Having said that I'm not particularly happy with the way things like roads and rivers are laid on top of the hex grid. I fully appreciate that this is the most pragmatic approach to this wargaming dilemma however a search of the oracle provided one solution. This involves purchasing blank hexes and inverting them. You then have a depth of 10mm to play with allowing you to sink rivers, roads and trench system below table level. Anyway I thought I would give this a go.
Next step was to carve out from 10mm styrene foam the course of the river. Sheets of this foam which is dense and can be carved and shaped and purchased from Antenocitis Workshop. The foam was then glued down using a special styrene cement (UHU Por Styrofoam) which wont dissovle it but which adheres different plastics unlike PVA. |
This was then covered with a standard DIY premixed filler mixed with a little PVA. |
The water was cover with Saphire Blue from the same range. Yes, river water is usually brown/green but it doesn't look as good.

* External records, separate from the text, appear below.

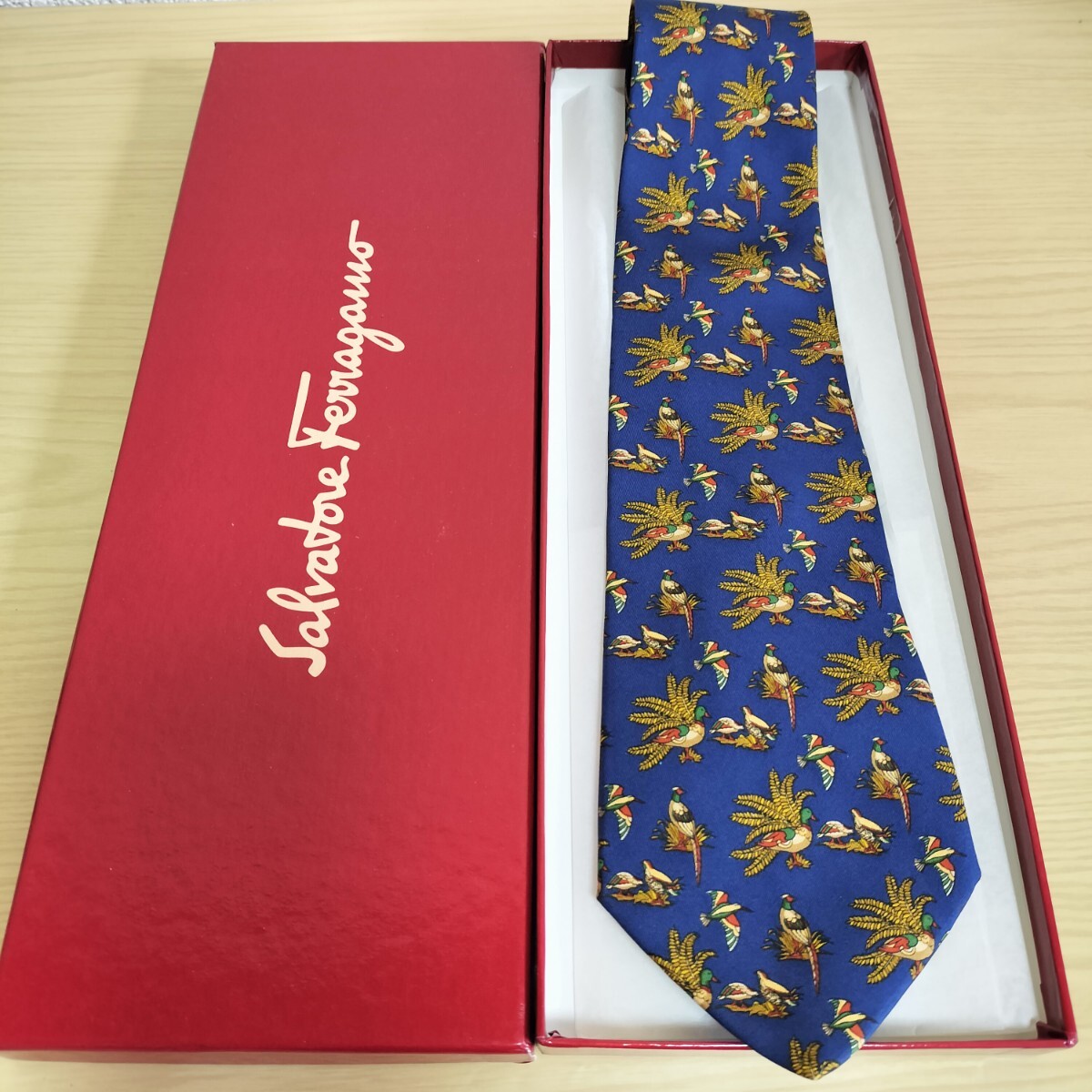 Salvatore Ferragamo(サルヴァトーレフェラガモ)青葉っぱ鳥模様ネクタイ拍卖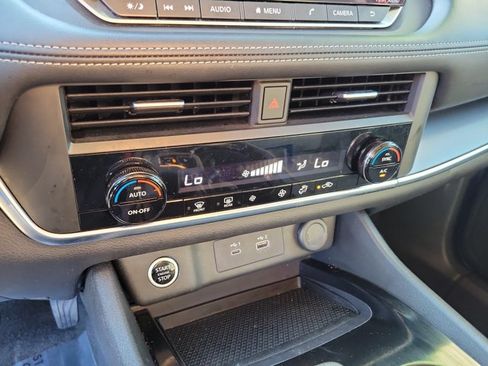 Used 2023 Nissan Rogue SV FWD image 30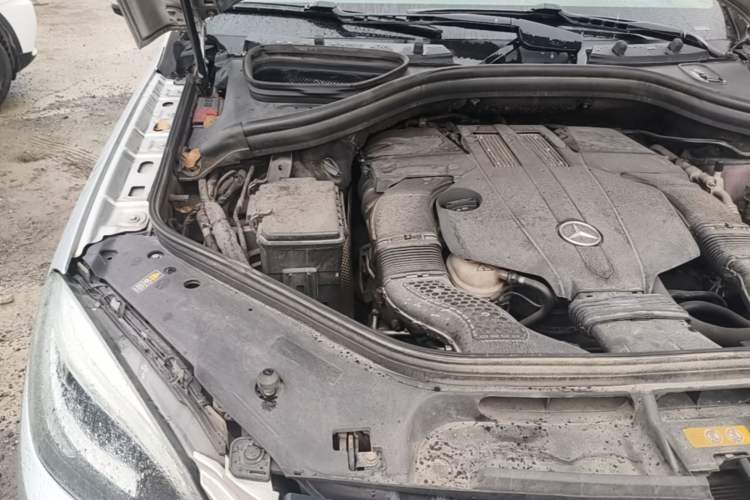 Used Mercedes-Benz M-Class 2014 ML 320 4MATIC Engine Bay Right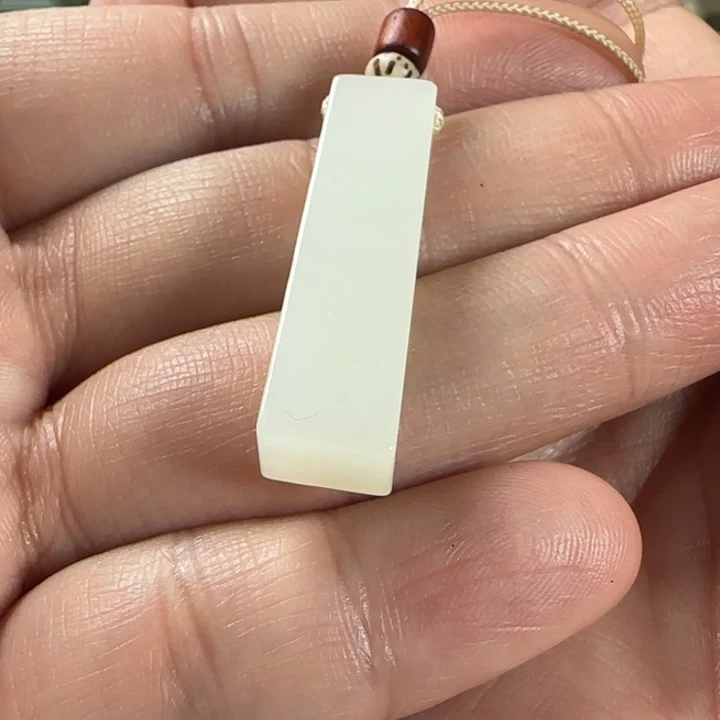 爱***桌和田玉未镶嵌颈饰打包价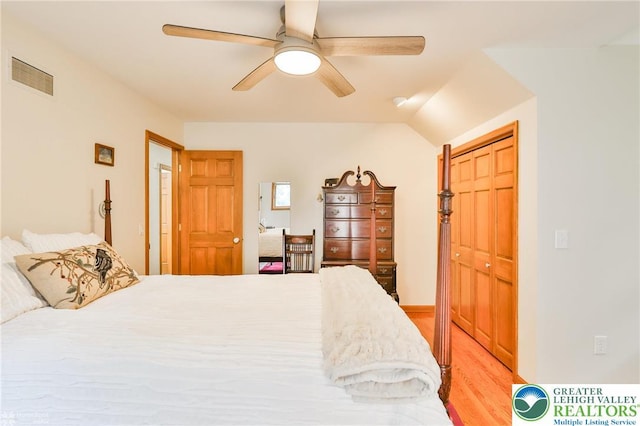 3745 Orefield Rd, South Whitehall Twp, PA 18104 - bedroom featuring a closet, light wood finished floors, ceiling fan, and lofted ceiling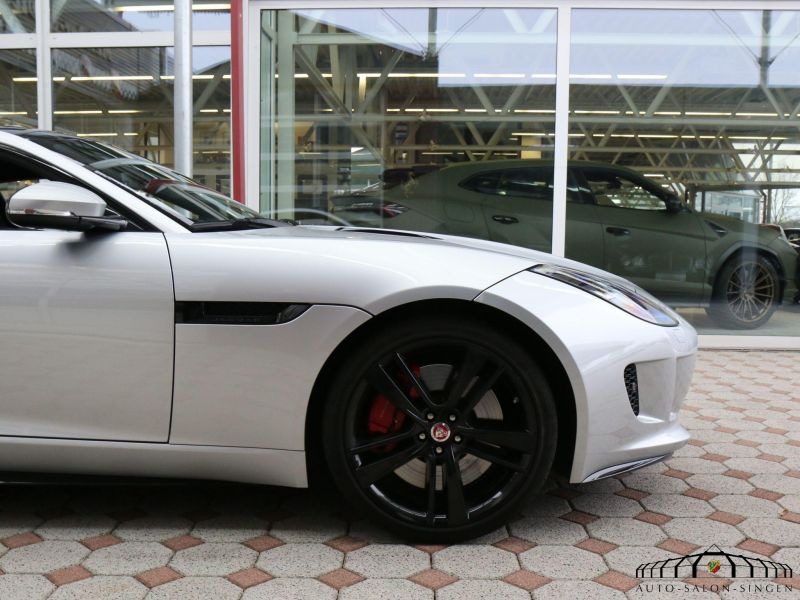 Jaguar F-Type V8 R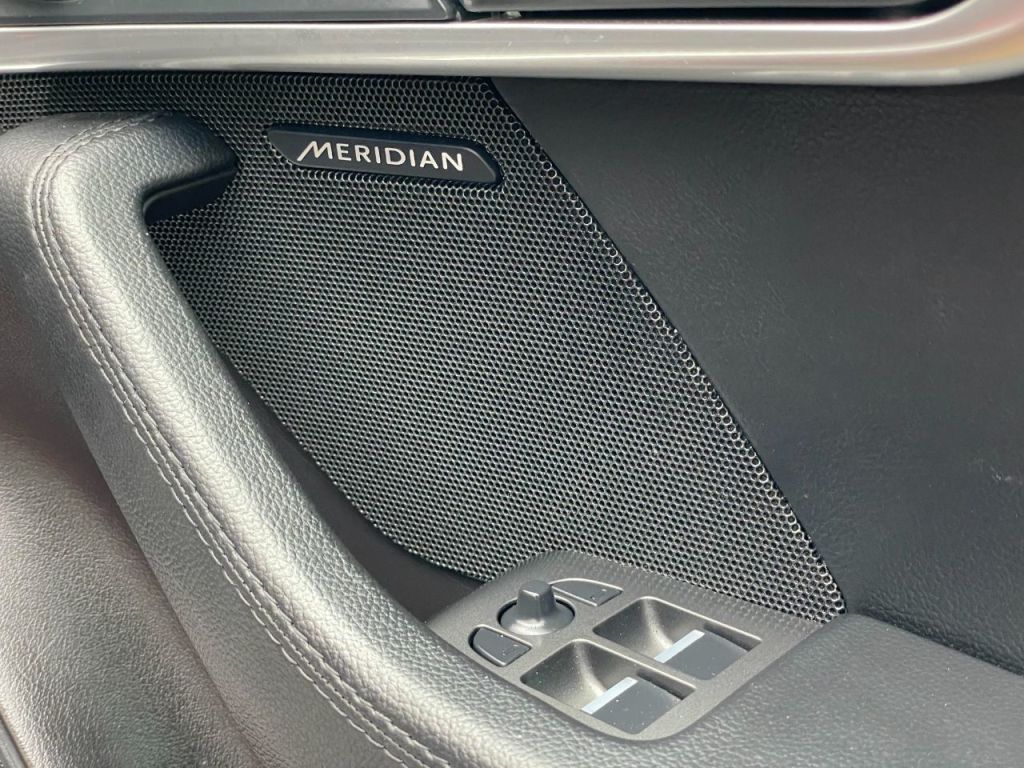 Used Jaguar F-Type 2021 for sale - 76576795: Photo 28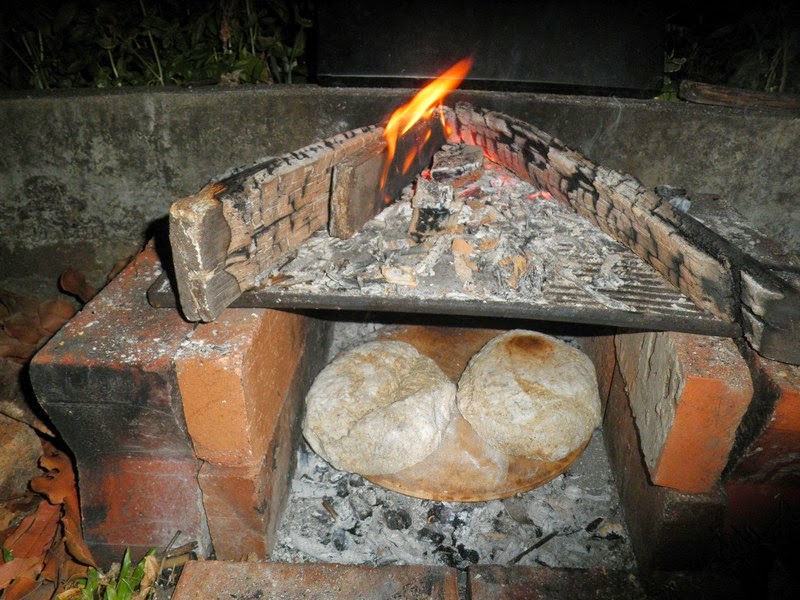 Build a ‘Cob’ oven in 5 minutes to bake delicious pizza and bread 11 Build a ‘Cob’ oven in 5 minutes to bake delicious pizza and bread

Finally, the ground was covered with Kallistra flock so it will match in with their preflocked range of hexes. |
And the finished result which I'm quite happy with. However 10 hexes will not a river system make. This took about 5 hours over a week to make and I probably would need about another 30 pieces for a small table but similar techniques can be used for trench systems and sunken roads so the approach is feasible. So do I purchase the Hexon system?